In the last fortnight, the University of Bristol has confirmed that three students have died, and over the last 18 months we have seen a rising number of student deaths. These are complete and utter tragedies, and as a university community we don't know what to do. Where do we go from here when the uni is clearly not doing enough to protect the lives of our fellow students? What can we do when students are losing their lives, stuck in a support system that leaves them on waiting lists for months?

On Tuesday, all students at the university received an email from Hugh Brady, the Vice-Chancellor, and included was a link to his recent open letter about the university's support services. Instead of reflecting on what has happened, and addressing the university's deficiencies in their mental health support services, I was disgusted to see the university were using this as an opportunity to trot out and sing the praises of their new proposed pastoral care system for halls, a proposed system that is removing support from halls and has been surrounded in controversy from the moment it was released into the public domain. This system has been vehemently opposed by students and staff alike, all expressing worries for the safety of students living in halls next year without the tireless, and easily accessible in-hall support of Wardens, Deputy Wardens and Student Support Advisors.

The proposed halls changes were opposed by staff and students

Management seems to be severely misguided in the direction in which they are taking this university, and the way in which they don't seem to be prioritising our lives and welfare. It appears that they are more bothered about funding vanity projects such as Temple Quarter than more one-on-one counselling, leaving students feeling unsafe and inadequately provided for. The university may be putting £1m into employing new Wellbeing Advisors, which are needed in supporting student welfare through their academic schools – but this is not enough. Students do not need to see project plans and campus expansion, at which millions and millions of pounds are being thrown. We need to see proper support in place and our lives put at the forefront of any policy or plan to change campus.

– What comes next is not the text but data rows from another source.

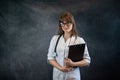 Pretty young nurse wear uniform holding stethoscope clipboard with documents isolated Royalty Free Stock Photo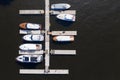 Aerial View by Drone of Yacht Club and Marina. Top view of yacht club. White boats in sea water. Marina dock yachts and small Royalty Free Stock Photo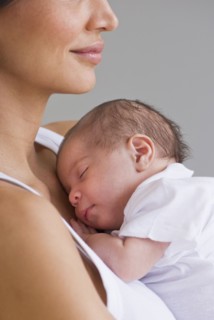 Mother holding sleeping baby.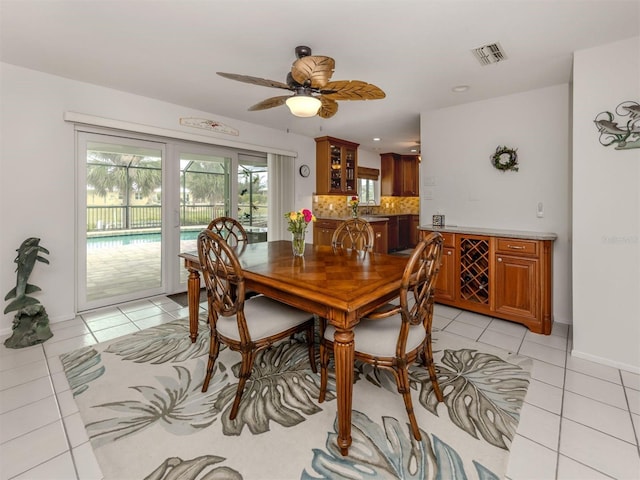 tiled dining room with ceiling fan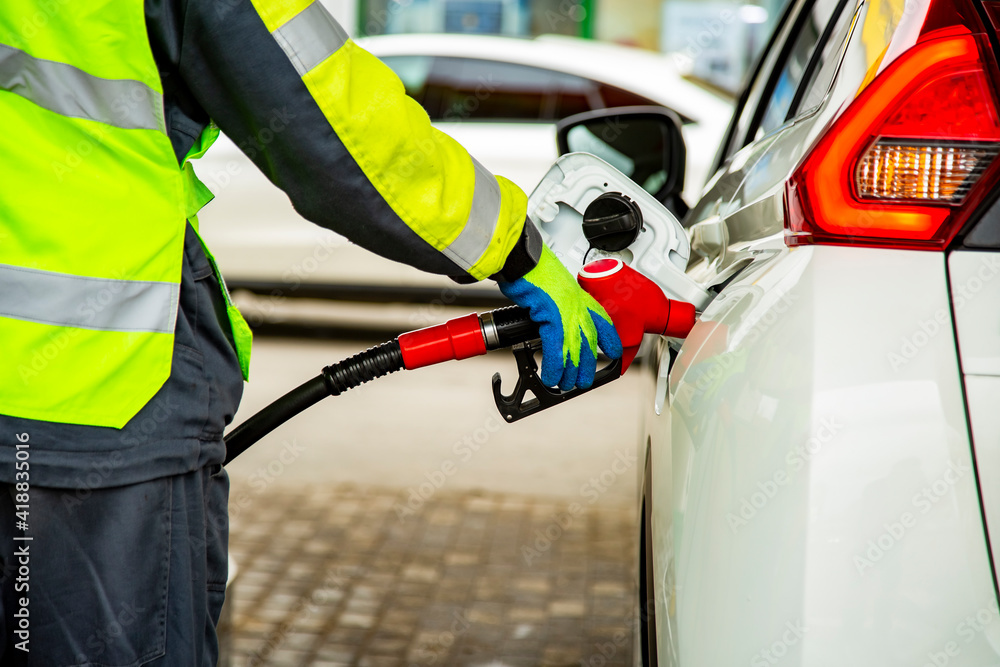 gas station employee in overalls refueling the car gas station employee in overalls refueling the car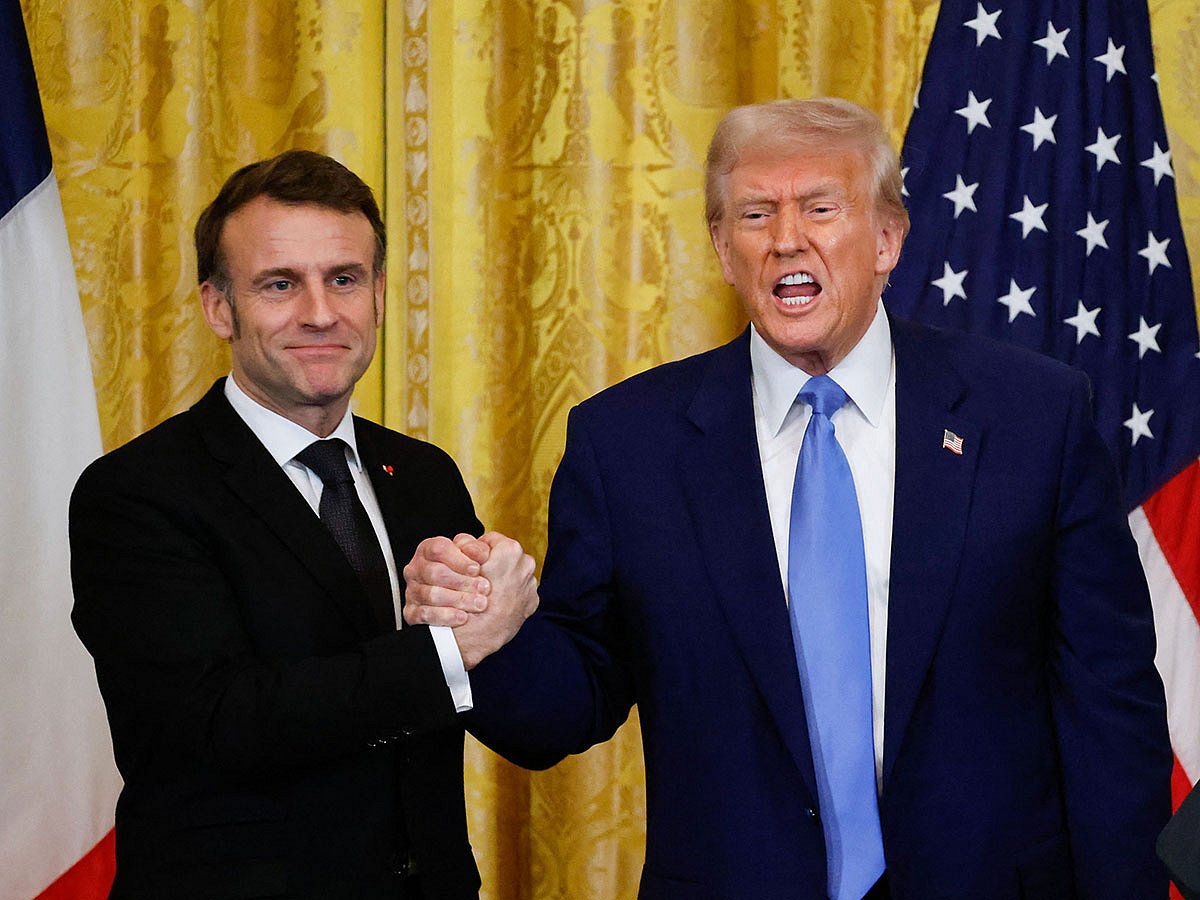 US President Donald Trump and French President Emmanuel Macron shake hands at the end of a joint press conference in the East Room to the White House in Washington, DC.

What Bristol fails to see is that we are people with struggles, and our wellbeing and our lives are not to be ignored or put at risk in the university's strive to be a 'sector leader' in mental health provision. Instead of listing off investments and self-promotions, Bristol needs to reflect and do something tangible, something visible, something easy to access, to support us as students. Instead of selling to us their new ‘whole-institutional approach’ to mental health and wellbeing, the university needs to talk to us, listen to us, and hear our stories and experiences instead of acting over our heads.

These tragedies could have been prevented, and many more students are being put at risk by inadequate and inaccessible support. It is only out of sheer luck and due to the amazing work of my Warden, Student Support Advisor, and Senior Residents that I am still alive. In the new system, I know that I and a number of my peers would not be here today.

So please, Bristol University, hear our voices. Listen to our pleas for a better Student Health Service where students with mental illnesses are not simply sent back home with prescriptions. For a Student Counselling Service that does not expect you to write an essay on your mental health difficulties before even being assessed. For live-in support in our halls, and easily accessible help for those in private rented accommodation. For personal tutors with mental health training. For a better policy when considering the suspension of students due to their mental ill-health, a policy that does not put these students more at risk and take away their autonomy when it comes to their mental health care. For a second-tier mental health service that isn't patronisingly named Vulnerable Students’ Support Service.

The University of Bristol needs to take a long hard look at itself, its inadequate support services, and its policies that seem to prioritise expansion and standing in the Higher Education sector above student lives, and actually begin to seriously take the wellbeing and welfare of its students into account.